A GUIDE TO IMPROVING POPULATION HEALTH

The US Guide to Community Preventive Services (the Community Guide) was created to reduce the confusion and highlight effective options based on the highest quality scientific evidence. For each intervention, the evidence base is rigorously assessed by Centers for Disease Control and Prevention (CDC) Community Guide staff employing methods developed collaboratively with the Community Preventive Services Task Force (CPSTF). This expert group was established in 1996 to help decision makers select evidence-based interventions that improve health and safety and prevent disease.

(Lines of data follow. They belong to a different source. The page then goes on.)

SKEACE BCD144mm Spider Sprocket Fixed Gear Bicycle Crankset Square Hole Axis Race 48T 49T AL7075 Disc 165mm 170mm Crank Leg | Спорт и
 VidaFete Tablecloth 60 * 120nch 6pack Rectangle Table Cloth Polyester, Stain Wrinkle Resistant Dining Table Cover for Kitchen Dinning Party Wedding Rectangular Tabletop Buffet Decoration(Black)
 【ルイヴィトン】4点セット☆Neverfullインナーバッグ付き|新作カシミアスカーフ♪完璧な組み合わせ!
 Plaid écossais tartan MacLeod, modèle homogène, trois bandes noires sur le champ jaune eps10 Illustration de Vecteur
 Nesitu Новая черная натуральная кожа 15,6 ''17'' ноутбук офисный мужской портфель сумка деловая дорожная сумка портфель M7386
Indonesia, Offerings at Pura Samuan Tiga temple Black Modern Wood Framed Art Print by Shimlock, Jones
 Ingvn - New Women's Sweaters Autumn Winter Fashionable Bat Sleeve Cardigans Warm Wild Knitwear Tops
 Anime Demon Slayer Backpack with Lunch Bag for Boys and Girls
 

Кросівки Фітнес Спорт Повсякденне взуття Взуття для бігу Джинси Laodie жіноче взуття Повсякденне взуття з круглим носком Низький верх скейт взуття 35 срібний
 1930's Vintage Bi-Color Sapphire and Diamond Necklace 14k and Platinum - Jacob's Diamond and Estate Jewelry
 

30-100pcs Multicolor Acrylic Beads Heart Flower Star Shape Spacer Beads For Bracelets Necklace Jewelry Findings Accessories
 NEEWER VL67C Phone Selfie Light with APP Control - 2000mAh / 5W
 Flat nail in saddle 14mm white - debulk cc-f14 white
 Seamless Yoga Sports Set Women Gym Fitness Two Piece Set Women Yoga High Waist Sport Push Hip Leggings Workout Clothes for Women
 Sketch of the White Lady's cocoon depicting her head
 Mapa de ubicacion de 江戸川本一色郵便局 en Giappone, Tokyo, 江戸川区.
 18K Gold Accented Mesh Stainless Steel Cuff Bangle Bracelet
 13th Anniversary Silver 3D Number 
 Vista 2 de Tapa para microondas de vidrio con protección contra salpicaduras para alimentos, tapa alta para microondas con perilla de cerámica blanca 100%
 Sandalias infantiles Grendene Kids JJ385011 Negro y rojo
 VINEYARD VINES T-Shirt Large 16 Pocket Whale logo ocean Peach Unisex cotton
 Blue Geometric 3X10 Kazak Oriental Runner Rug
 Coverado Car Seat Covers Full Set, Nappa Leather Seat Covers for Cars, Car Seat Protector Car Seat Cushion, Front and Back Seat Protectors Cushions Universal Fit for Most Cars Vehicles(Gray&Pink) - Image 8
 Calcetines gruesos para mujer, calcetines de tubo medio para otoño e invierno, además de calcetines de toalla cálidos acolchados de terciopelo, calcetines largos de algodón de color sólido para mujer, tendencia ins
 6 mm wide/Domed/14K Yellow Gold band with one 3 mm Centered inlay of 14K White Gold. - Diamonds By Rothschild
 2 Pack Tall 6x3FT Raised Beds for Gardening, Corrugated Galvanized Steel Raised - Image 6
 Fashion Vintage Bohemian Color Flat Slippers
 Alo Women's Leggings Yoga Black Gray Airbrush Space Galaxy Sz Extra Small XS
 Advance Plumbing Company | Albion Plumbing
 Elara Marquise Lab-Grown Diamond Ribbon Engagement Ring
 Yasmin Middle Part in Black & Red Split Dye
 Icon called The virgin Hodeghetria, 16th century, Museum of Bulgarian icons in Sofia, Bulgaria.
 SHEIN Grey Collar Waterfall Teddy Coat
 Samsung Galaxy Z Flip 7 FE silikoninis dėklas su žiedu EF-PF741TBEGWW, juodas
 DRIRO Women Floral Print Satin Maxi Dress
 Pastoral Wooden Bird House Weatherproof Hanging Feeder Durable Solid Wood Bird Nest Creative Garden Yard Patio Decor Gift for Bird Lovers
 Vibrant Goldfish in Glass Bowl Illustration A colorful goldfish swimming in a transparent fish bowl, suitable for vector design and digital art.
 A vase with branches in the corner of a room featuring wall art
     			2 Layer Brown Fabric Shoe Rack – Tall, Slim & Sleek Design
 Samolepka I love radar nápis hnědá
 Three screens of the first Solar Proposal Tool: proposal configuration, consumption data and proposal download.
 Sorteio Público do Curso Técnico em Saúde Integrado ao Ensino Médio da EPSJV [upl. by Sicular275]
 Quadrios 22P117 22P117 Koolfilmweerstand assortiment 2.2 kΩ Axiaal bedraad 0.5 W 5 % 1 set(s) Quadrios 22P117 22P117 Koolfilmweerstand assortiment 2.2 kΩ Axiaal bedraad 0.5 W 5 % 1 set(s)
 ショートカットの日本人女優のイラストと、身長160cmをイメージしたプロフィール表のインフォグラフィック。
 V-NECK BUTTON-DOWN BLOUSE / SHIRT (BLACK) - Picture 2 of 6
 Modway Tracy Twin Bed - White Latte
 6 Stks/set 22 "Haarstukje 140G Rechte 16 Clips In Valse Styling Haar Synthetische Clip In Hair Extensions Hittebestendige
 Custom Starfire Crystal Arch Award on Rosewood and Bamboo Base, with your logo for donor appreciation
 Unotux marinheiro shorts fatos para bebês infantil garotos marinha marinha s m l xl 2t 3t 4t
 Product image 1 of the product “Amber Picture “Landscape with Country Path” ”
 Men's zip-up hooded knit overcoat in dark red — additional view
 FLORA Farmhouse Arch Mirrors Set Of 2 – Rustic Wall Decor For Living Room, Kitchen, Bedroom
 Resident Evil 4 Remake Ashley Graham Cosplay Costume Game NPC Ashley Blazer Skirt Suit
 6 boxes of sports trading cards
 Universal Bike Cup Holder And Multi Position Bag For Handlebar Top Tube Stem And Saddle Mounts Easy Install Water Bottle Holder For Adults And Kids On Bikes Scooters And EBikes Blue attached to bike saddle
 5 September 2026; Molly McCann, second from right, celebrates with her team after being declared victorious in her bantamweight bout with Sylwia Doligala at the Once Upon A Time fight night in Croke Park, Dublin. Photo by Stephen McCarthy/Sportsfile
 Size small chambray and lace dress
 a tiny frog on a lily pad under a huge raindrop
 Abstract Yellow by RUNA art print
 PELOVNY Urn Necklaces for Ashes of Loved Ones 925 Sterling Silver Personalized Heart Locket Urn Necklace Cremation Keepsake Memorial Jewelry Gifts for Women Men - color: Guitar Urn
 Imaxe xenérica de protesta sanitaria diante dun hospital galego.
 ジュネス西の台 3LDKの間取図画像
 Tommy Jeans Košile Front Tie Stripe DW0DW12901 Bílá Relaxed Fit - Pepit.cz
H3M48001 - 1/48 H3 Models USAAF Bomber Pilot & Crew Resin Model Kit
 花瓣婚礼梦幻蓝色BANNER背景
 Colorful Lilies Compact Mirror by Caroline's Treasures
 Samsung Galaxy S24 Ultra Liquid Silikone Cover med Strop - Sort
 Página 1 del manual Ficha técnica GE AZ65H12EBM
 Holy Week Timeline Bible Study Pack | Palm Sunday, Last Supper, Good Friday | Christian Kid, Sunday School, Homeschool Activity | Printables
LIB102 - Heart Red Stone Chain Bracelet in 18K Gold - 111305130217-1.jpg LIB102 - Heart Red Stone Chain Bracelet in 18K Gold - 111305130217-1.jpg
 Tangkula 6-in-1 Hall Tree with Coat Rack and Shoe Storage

During its 23 years of existence, the CPSTF has been part of monumental changes occurring in public health, making a difference for Americans at all stages of life. When the first CPSTF meeting occurred in August 1996, the idea that prevention at the population level was an opportunity to improve health was not yet widely embraced. At that time, the US Preventive Services Task Force (USPSTF), established in 1984, focused on developing recommendations for what “prudent clinicians should provide their patients as part of routine clinical care.”1(piii)

Important as that guidance was and is, it did not address the effectiveness of preventive approaches aimed at populations in communities, states, or nationally, or defined by gender, risk factors, or health status. Nor did the guidance address interventions that target patients as a group. It became clear that what makes the greatest difference in people’s health happens outside clinical settings—in schools, worksites, homes, neighborhoods, and communities. Thus, the CDC launched the CPSTF as a population-targeted complement to the USPSTF. Interventions assessed include policies, programs, and system changes that can improve the health, well-being, safety, and preparedness of communities by addressing key determinants. All findings, recommendations, and references are at thecommunityguide.org.

At the start, an argument against launching the Community Guide was that we would find scant evidence for most topics. This has not been our experience. However, a great dividend from our reviews has been the identification of key knowledge gaps for research funders, including the National Institutes of Health (NIH), the CDC, and the Health Resources and Services Administration, to facilitate prioritizing their research targets.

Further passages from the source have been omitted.